DR. HALLOWELL: That’s it for today. Father’s Day, being a father of course, it means a lot to me, but honestly every day is Father’s Day, just like every day is Mother’s Day. If you are a mother or a father, every day, for the rest of your life, it’s Mother’s Day or Father’s Day. Celebrate it, internally, externally, revel in it. You’ve had this marvelous chance to bring a child along and what a wonderful, wonderful chance it is indeed. Happy Father’s Day to all the dads out there, especially my wife’s dad, Bill George, who recently passed away. He was just a wonderful, wonderful, wonderful dad, and I want to send him a message up in heaven where he most certainly is. Bill, we all love you, and you were a great, great dad.

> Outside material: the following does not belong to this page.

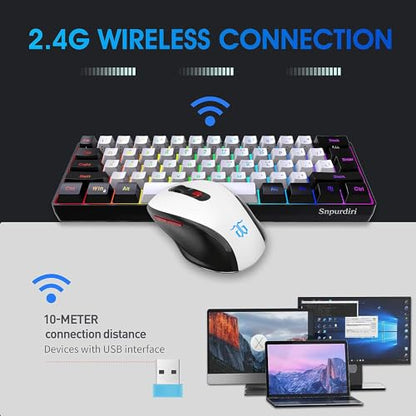 Snpurdiri 2.4G Wireless Gaming Keyboard and Mouse Combo, Include Mini 60% Merchanical Feel RGB Backlit Keyboard, Ergonomic Vertical Feel Small Wireless Mouse(Black and White) - color: Black White Combo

The show is starting to build some momentum, so if you haven’t done so yet, please, please take a moment to leave the show a review. We really appreciate it and it helps us a lot. Thanks so much for listening. Distraction is produced by Collisions, the podcast division of CRN International. Collisions, podcasts for curious people. We’ll leave you with the sounds of some of our listeners talking about their own dads.

Some of Our Listeners Talk About Their Dads

Speaker 5: My dad was not around a lot when we were very young. He was going to school full-time and working full-time, so he wasn’t around, but the one thing I do remember is the time we went to Disney World as a family for a week. I actually said it to my mom afterwards, I said, “Wow. Daddy’s really a lot of fun,” because I hadn’t seen him. He went to work, and then he went to school. We were in bed by the time he got home, so that’s what I remember about him.

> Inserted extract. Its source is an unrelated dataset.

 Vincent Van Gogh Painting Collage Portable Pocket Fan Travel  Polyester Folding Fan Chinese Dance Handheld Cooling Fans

Speaker 6: A memory about my dad would probably have to be him coaching me in baseball when I was younger, and just talking about baseball and sports with him. Yeah, and he went to my games. Just something that just bonded us and something that we had in common that we liked, because it was special for me to be involved with that with my dad.

Speaker 7: Try to get us to sing. I’m like, “Dad, I can’t sing. I don’t want to sing.” He was like, “Come on, with this keyboard.” He’s crazy, but crazy good, like I said.

Speaker 8: Thoughts of my dad? My dad is one of the funniest, most social people I’ve ever met. As I say, he runs a room. He’s somebody you want to hang out with. He’s a lot of fun to be around, and I’m glad that he’s around and I get to see him as often as I do.